Я вошел в кухню, поставил трубку телефона на стол, достал из шкафа непочатую пачку «Кэмела» и как чеку с гранаты резко со рвал с нее обертку. Достал сигарету. Делая глубокие продолжительные затяжки, прикурил от газовой плиты на которой стояла кастрюля с каким-то Маринкиным варевом, рухнул на табуретку и только тут заметил, что серая пластмасса радиотелефона измазана Пашкиной кровью. На сером кровь казалась темной, бордовой. Я сидел, курил сигарету за сигаретой, глядя на заляпанную трубку телефона. В дверь кухни изредка с опаской заглядывала Марина, но, не решаясь ничего спросить, уходила. Я курил. Тяжело набирая полную грудь дыма, чувствуя, как он режет мне гортань, бронхи, заполняя каждый уголок легких.
Лада умерла! Ла-да-у-мер-ла. Ты понимаешь, ее больше нет. И не будет. Никогда. Хоть ты тресни. Все. Конец. Финиш. Финита ля комедия. Гасите свет, тушите свечи… А может не умерла? А может… А… Господи, как я сразу не подумал об этом. Она убила себя! У-б-и-л-а… из-за тебя, Беркутов, из-за тебя. Боже, какой я дурак! Какой я дурак! Как я сразу не понял. Еще вчера, когда мы расставались. Влюбленная девчонка! Дура безмозглая! Из-за того, что я не захотел… Взяла и нажралась снотворного. И кранты. Впрочем, снотворного у нее не было. И вообще, она спала как пришибленная… Болван ты, Беркутов! Витька сказал же… порок сердца. Тут ты не виноват. Тут мама с папой напортачили. Я слышал: если у человека порок сердца, то умереть он может в любую минуту. Так что я здесь ни при чем. Ни-при-чем… А при чем здесь вообще все это. Она умерла и это главное. Ей уже не поможешь. Может, там ей будет лучше, может, там у нее будет нормальный мужик, любящий. Не то, что я. А я, что, ее не любил? Любил. Любящий, в том смысле, что не женатый. Все-таки, если разобраться, в ее смерти есть и моя вина. Можно себя не успокаивать. Может, не было бы вчерашнего разговора, и все было бы по-другому. Иначе. Не было бы меня, все было бы иначе. Наверное. Скорее всего. На-вер-ня-ка. Ну что делать? Все мы смертны. И я когда-нибудь…
– Сереж, можно я хоть посуду домою? Я понимаю, что у тебя что-то произошло. И ты не хочешь, я надеюсь пока, мне рассказать, но тарелки засохнут. Марина стояла передо мной, держа в руках резиновые перчатки, сердито глядя мне в глаза.
– Мой, практичная ты моя, – медленно произнес я, беря со стола трубку телефона и задумчиво набирая Таськин номер.
– Просто у нас сотрудница умерла. Молодая
– Извини, я не поняла… – проговорила она виновато, немного расстраиваясь – Я понимаю… Алло, Тася, Витю позови! – Марина грустно опустила глаза и подошла к раковине. Я вы шел в комнату. Спустя минуту из кухни послышался гул набирающейся воды и бряцание тарелок. Посуда должна быть вымытой… Кстати, надо смыть Пашкину кровь с радиотелефона.
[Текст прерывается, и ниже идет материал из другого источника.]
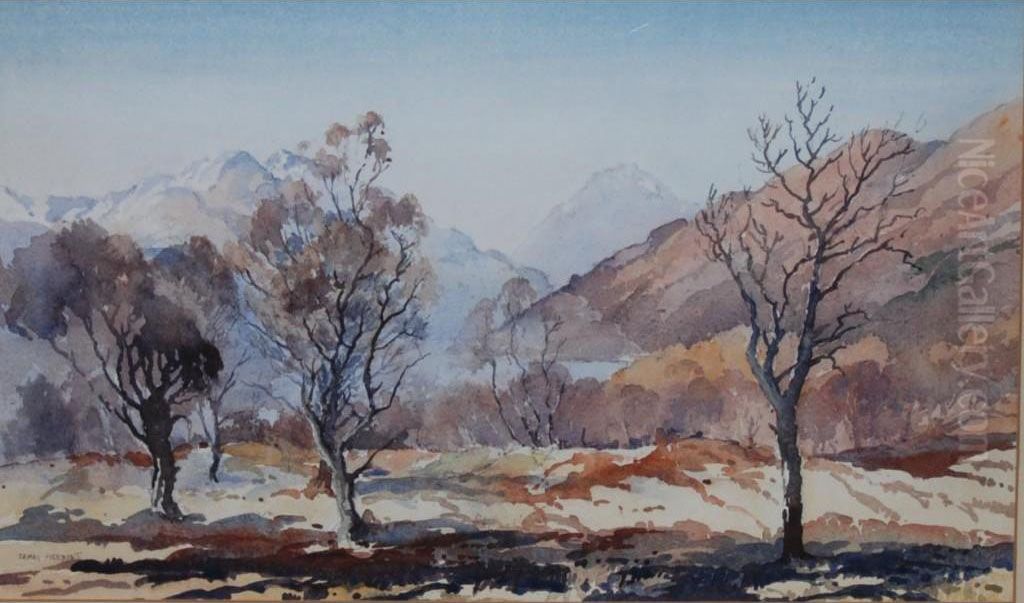 Herriot, Watercolour, Winter Nearrowardennan, Signed, 30 X 50cm Oil Painting by Herring, James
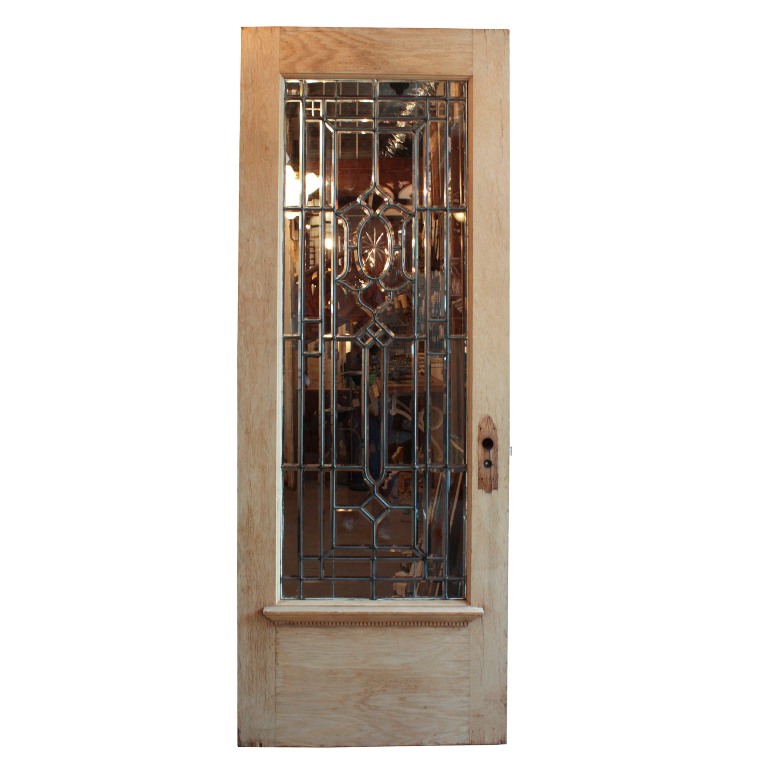 Amazing 34" Salvaged Exterior Door with Beveled Leaded Glass, HandCut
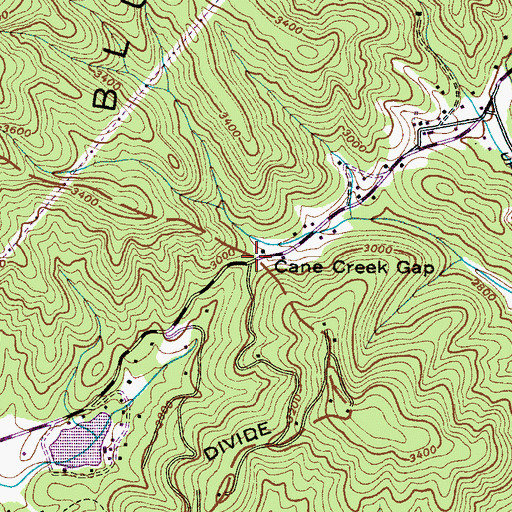 Topographic Map of Cane Creek Gap, NC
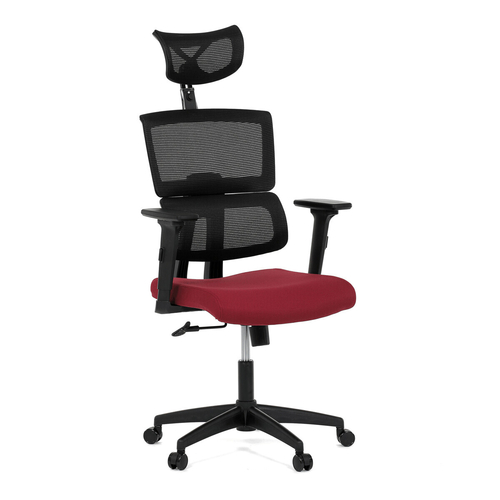 Kancelářská židle, houpací mechanismus, červená síťovina, KA-B1025 BOR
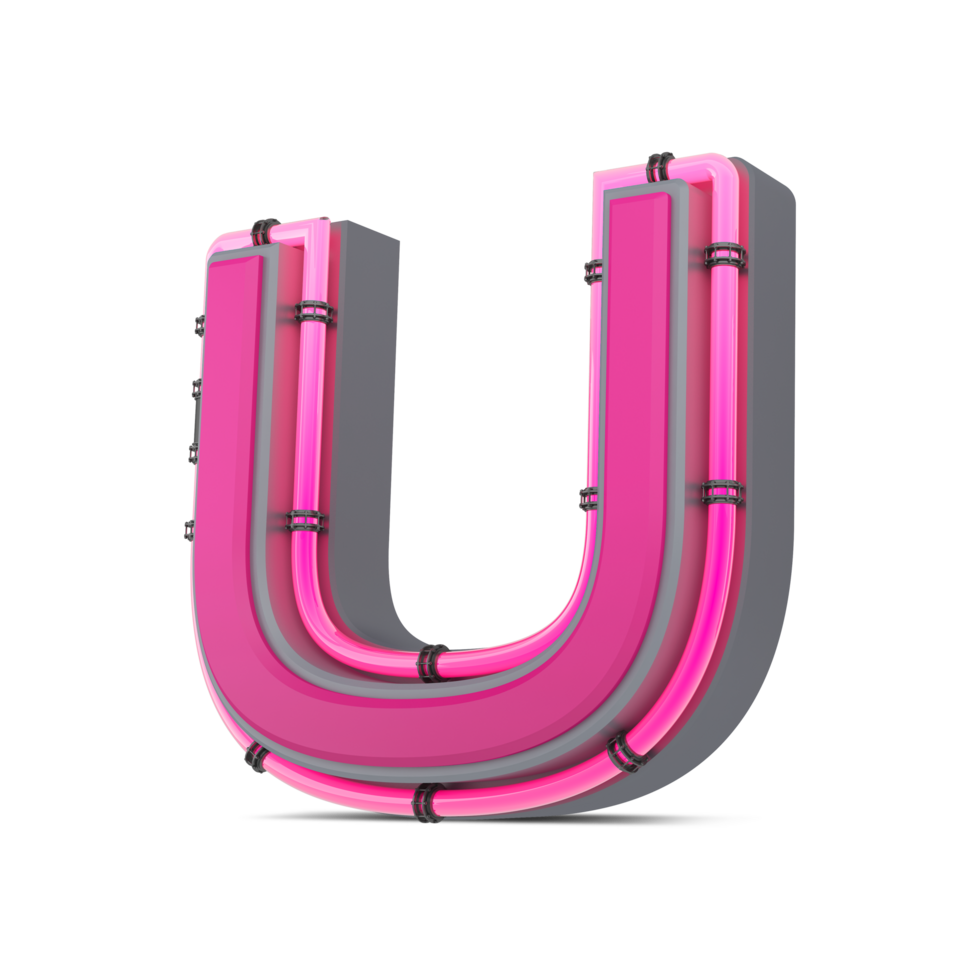 3D pink alphabet with neon light, 3d rendering png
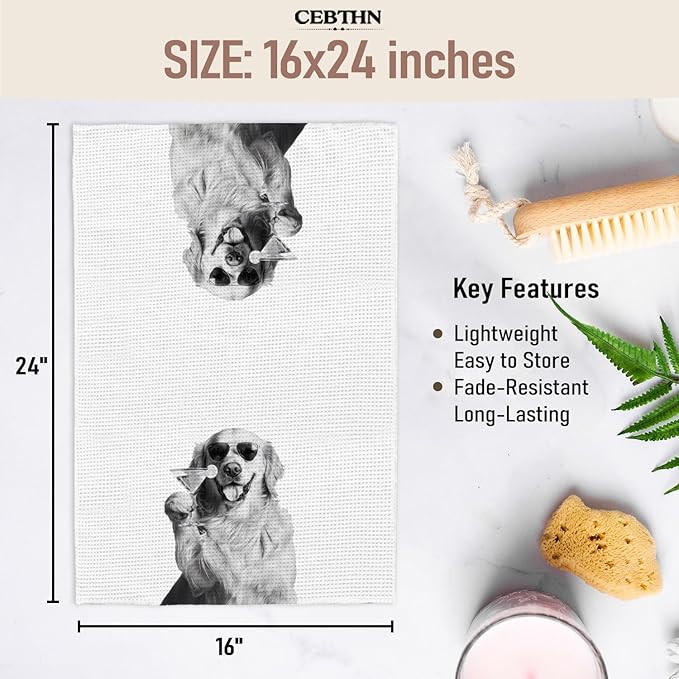 Cocktail Golden Retriever Kitchen Towels, Gifts for Golden Retriever Lovers Dish Towels for Kitchen Drying, Dog Lover Mom Gifts Hand Towels for Bathroom, 16x24 Inch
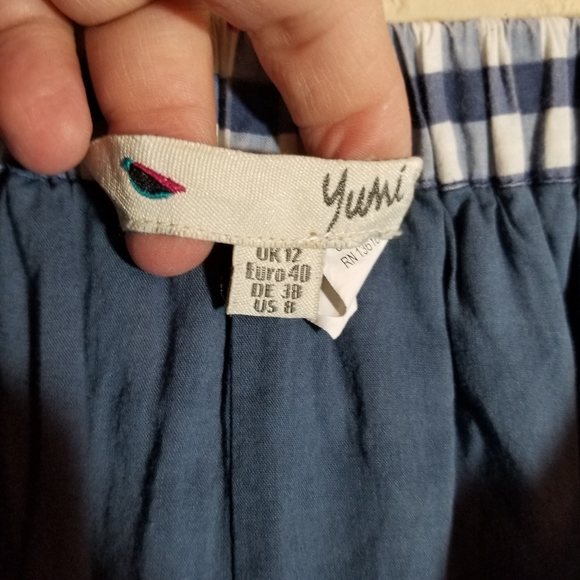 Yumi Travel Novelty Gingham Skater Skirt - Picture 3 of 16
Похороны состоялись завтра, на Южном кладбище. Витькина «девятка», обиженно ревя двигателем, пробиралась по густой жиже из глины и снега, вслед за обшарпанным «пазиком», в котором находился гроб с телом Лады, по одной из аллей кладбища. В наше смутное время экономических перемен и духовного возрождения полагается отпевать покойника в церкви. Но Ладу от певать не стали. Ее отец – академик, доктор каких-то там физико-математических наук, погибший много лет назад при аварии где-то учебном атомном реакторе, не стал крестить дочь по двум причинам: во-первых, он был убежденным атеистом, а во-вторых, мать Лады умерла при родах, что, по его мнению, и доказывало отсутствие Бога. Похоронный «ПАЗик», тире, катафалк свернул и въехал на окраину участка, где должна была лежать Лада. «Девятка», продолжая обиженно огрызаться на своих пассажиров, вползла за ним. Я, Витька и Тася, хлопая дверцами, вышли из машины, с опаской вдыхая кладбищенский воздух, окидывая взглядом неуютный ландшафт, уставленный бесконечными рядами крестов и обелисков, облысевшими деревьями, воздевающими вверх голые, корявые руки, усиженные копошившимися стайками ворон; и авангардного вида шаром аэрорадиостанции на горизонте. Неизвестно почему не падая, над нами проплыла огромная темная туша самолета, идущего на посадку в близлежащий Пулковский аэропорт. Когда-то я был на городской свалке мусора. Пустота, никчемность и запустение. Что-то похожее я видел сейчас. Так оно и есть. Свалка людей на окраине миров. Грустно и тоскливо.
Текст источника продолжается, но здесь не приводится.